I don't know if this goes here or not. If it doesn't, sorry bout that.
I dropped my Shimpagne MSF (my favorite!) 
	

	
	
		
		

		
			





 but only half of it is broken. Does anyone know if there's any way that I can save it? Or if I should maybe put it in a different kind of container and use it in a loose powder type of way? Suggestions are appreciated 
	

	
	
		
		

		
		
	


	



Thanks!


----------



## panda0410 (Aug 12, 2007)

You can crush the broken bit into a fine powder and use it with a buffer brush, it works just the same


----------



## tinagrzela (Aug 12, 2007)

Oh lord, I feel your pain!! I just broke my Northern Light yesterday!! It broke in about 5 pieces, and I just used some alcohol to kinda stick it all back together, and it works fine!

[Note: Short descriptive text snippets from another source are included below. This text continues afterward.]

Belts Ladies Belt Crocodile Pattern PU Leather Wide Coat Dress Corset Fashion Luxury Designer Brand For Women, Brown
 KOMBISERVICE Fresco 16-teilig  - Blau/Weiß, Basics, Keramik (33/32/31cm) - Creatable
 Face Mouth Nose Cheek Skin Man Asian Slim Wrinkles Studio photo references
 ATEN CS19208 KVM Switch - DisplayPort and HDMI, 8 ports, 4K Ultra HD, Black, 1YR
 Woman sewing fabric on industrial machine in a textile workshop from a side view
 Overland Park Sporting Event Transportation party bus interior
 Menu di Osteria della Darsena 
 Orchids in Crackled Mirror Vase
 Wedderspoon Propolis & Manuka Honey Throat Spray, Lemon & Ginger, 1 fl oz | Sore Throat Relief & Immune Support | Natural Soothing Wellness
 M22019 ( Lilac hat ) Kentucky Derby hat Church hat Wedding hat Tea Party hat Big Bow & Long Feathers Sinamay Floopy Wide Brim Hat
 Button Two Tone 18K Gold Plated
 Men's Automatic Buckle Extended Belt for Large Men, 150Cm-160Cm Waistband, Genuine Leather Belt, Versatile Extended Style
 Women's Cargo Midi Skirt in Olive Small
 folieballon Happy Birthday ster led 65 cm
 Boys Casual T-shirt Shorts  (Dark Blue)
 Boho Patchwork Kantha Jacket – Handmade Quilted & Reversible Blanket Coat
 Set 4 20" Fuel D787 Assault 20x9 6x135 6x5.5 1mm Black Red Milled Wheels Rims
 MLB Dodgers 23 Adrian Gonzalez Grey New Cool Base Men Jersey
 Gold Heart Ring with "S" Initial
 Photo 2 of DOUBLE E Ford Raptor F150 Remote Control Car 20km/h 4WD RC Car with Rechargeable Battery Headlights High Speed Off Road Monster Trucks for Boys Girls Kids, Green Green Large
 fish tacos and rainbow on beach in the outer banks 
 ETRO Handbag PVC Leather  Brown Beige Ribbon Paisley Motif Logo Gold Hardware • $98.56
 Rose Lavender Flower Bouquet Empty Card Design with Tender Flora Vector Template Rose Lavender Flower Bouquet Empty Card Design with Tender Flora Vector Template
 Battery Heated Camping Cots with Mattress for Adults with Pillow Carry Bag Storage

I almost cried, well, I screamed so loud my husband thought I had broken an arm or something!


----------



## lara (Aug 12, 2007)

http://specktra.net/showthread.php?t=47577
Broken MSF

http://specktra.net/showthread.php?t=39693
broken msf....

General consensus is to grind it up finely and pop it in a sifter jar. They work better that may, as most of the glitterbomb ingredients drift to the bottom.


----------



## zaralovesmac (Aug 13, 2007)

I broke my pressed Blot Powder..not exactly the same thing but I feel your pain too!I just mushed mine up into a fine powder..works pretty much the same.


----------



## brookeab (Aug 14, 2007)

When my stereo rose MSF broke last year I crushed it up and put it into an empty bare escentuals container. (Boy was I glad that I had two backups!) It still works great. I almost like it better in that form, because now I can travel with my fave blush color and not worry about it breaking.


----------



## Lucy In The Sky... (Aug 15, 2007)

Thank you all for the suggestions! I'm going to go out and get myself a sifter jar for it tomorrow. I was totally sad when it broke...good to know it can be saved!


----------



## freyja313 (Aug 16, 2007)

Just an aside, and not really what you're looking for, but last time I was at my local store I asked the MA what she was wearing on her body because she was all sparkly gold and glowing. They had dropped a Northern Light MSF which of course smashed into a zillion pieces so they decided to smoosh the remains up and throw it into a half used bottle of Fix+. She let me try it and I couldn't stop staring at my sparkly arms! I wouldn't purposefully break an MSF to do this but it might be fun to get a bunch of small spray bottles and make some up using Fix+ and piggies.


----------



## Kirstie Valerio (Sep 26, 2013)

I feel all of your guys' pain. My Stereo Rose cracked into little pieces on the floor today, because the packaging was faulty. This happened after my Dad sent it to me just yesterday for my birthday after buying it on Ebay for $40!!! I was crying like a little girl when I was sweeping all of the little pieces off the floor to see if I could save it. I'm thinking to myself, why couldn't this happen to a $3 blush that I could just run up to Target and get another one? I might try to save it with alcohol, but I'm so sad because I didn't even get to take pictures of it yet for my blog.


----------